WikiLeaks Accuses Icelandic Police of Harassment Skip to content

WikiLeaks Accuses Icelandic Police of Harassment

Representatives of the website WikiLeaks has accused the Icelandic police of having unlawfully arrested one of their employees in Iceland and interrogated him for 21 hours in relation to an action the US secret service is taking against them.

Icelandic police officers at the 2008 protests. Copyright: Icelandic Photo Agency.

According to Fréttabladid’s sources, a 17-year-old boy was arrested while breaking into the company Málning in Kópavogur on Monday evening last week, the same person who stole data from investment company Milestone in December and tried to sell it to the media.

On Thursday last week, spokesperson for WikiLeaks Julian Assange claimed in an email to the RÚV newsroom that the website’s employees had been subject to spying and harassing from US authorities after WikiLeaks intercepted a video showing American military jets attacking civilians.

Assange explained that while the video was being worked on in Iceland, strange things started to happen.

He stated that American secret service agents had followed him on a plane from Iceland to Norway and that an Icelandic employee of WikiLeaks had been arrested on Monday, interrogated for 21 hours and showed pictures of Assange that were taken without his knowledge.

Fridrik Smári Björgvinsson, senior officer at the Capital Region Police investigative department, confirmed to Fréttabladid that a young man was arrested on Monday and that it is the only case he can think of that relates to Assange’s accusations.

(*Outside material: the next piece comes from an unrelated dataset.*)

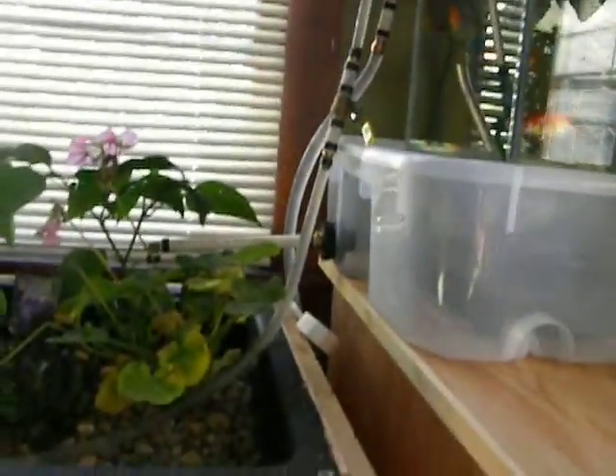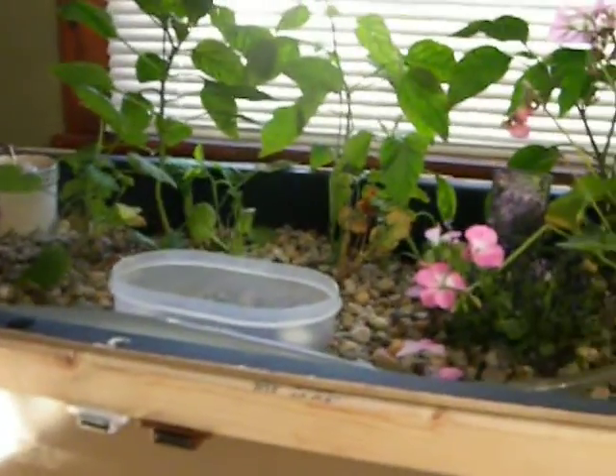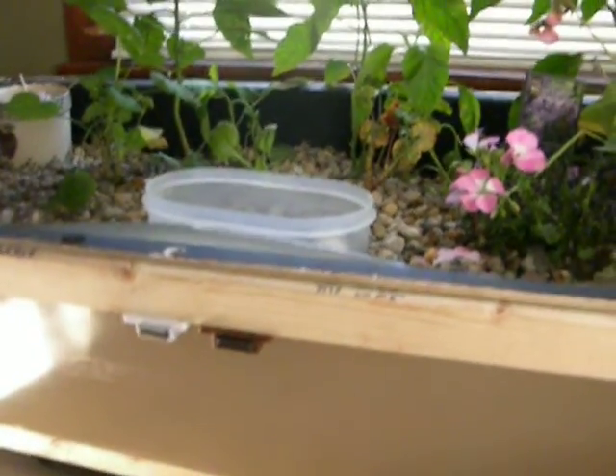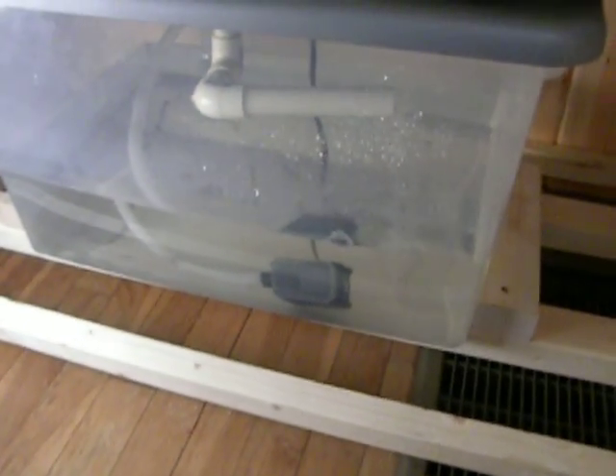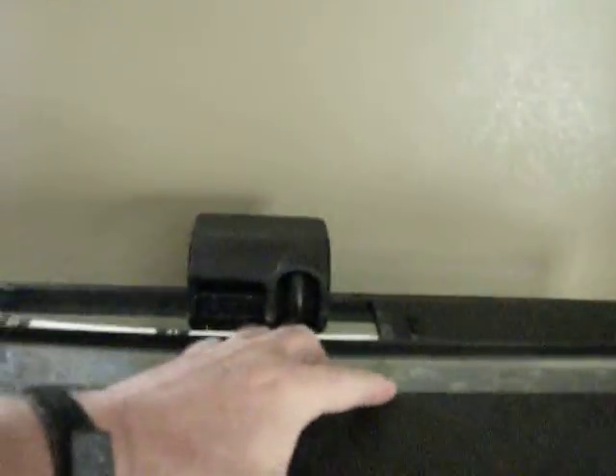Continuing on with the way this goes: the siphon draws water out of the fish tank, it comes down through this little pipe and pees out into the water. The water fills up in the grow bed, and then the T-siphon that's in here will force it down into the sump tank. Then the pump in the sump tank will pump it back up through another tube up to the top of the fish tank, and what I've got in here helps to aerate it.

Björgvinsson would not comment on the arrest any further, but maintained that it has nothing to do with WikiLeaks and stated that no investigation of the website or its employees is taking place.

According to Fréttabladid, when the boy was arrested on Monday he had a laptop with him, which he said was owned by WikiLeaks. It is unknown whether he is in fact an employee of the website.

The boy has suffered from mental problems for some time and stayed temporarily at a treatment home for teenagers after he was arrested on suspicion of stealing data from Milestone.

Minister of Justice Ragna Árnadóttir said that she contacted police authorities immediately after she heard about WikiLeaks’s accusations requesting an explanation. She said she was given a clear answer that the website is not under investigation.

Árnadóttir stated that it is impossible that American secret service agents had been working in Iceland in cooperation with Icelandic police officers. They would have to send a request from American courts, the minister explained, and no such request had been received.